Skip the pictures. Transcribe exactly the lines from the line containing "شقة - 1 حمام" to the end of the listing.

INFORMATION PROVIDED.
+===+

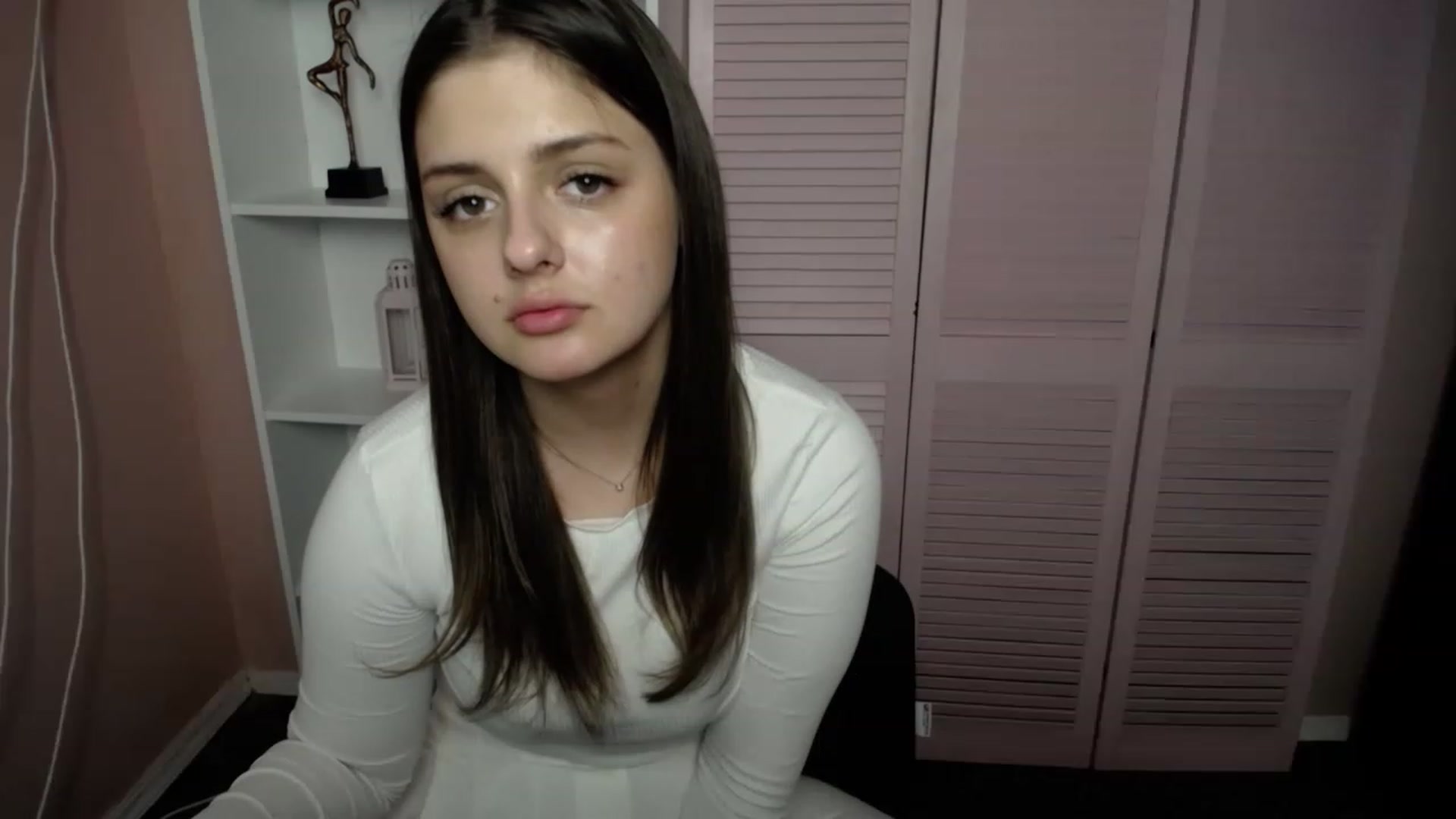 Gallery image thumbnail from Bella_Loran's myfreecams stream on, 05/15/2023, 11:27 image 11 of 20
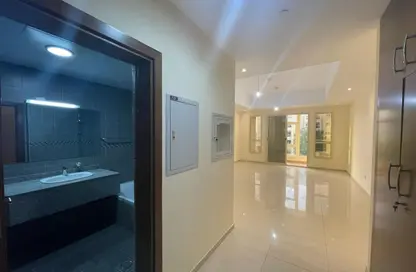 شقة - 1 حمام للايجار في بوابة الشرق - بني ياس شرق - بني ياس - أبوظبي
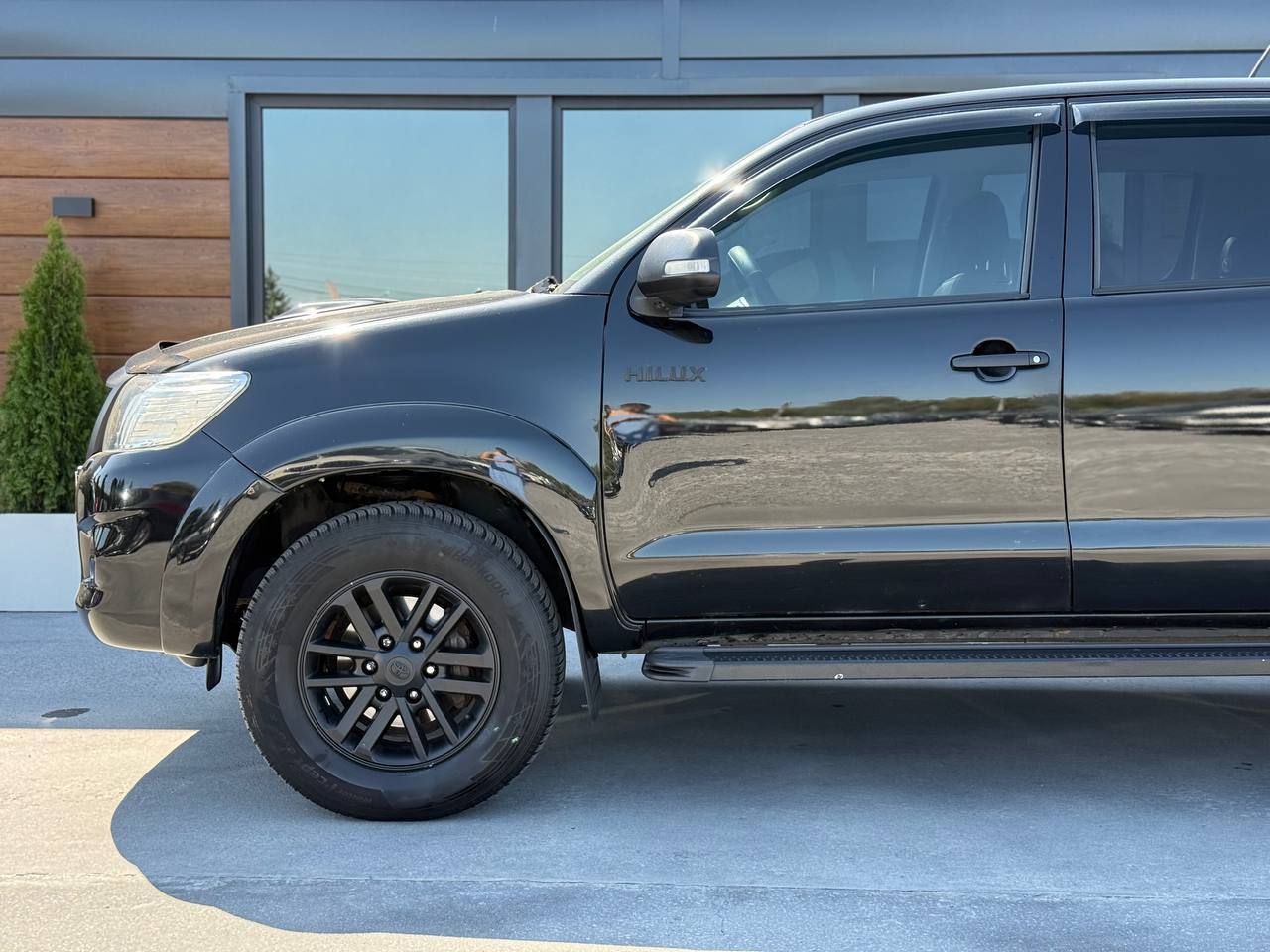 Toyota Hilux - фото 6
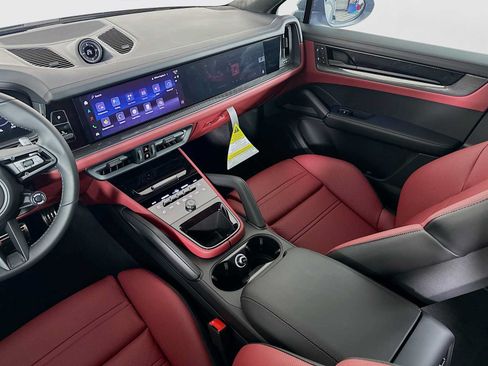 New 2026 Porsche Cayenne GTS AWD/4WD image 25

+===+

EXERCISE OUTPUT.
 شقة - 1 حمام للايجار في بوابة الشرق - بني ياس شرق - بني ياس - أبوظبي
 Toyota Hilux - фото 6
 New 2026 Porsche Cayenne GTS AWD/4WD image 25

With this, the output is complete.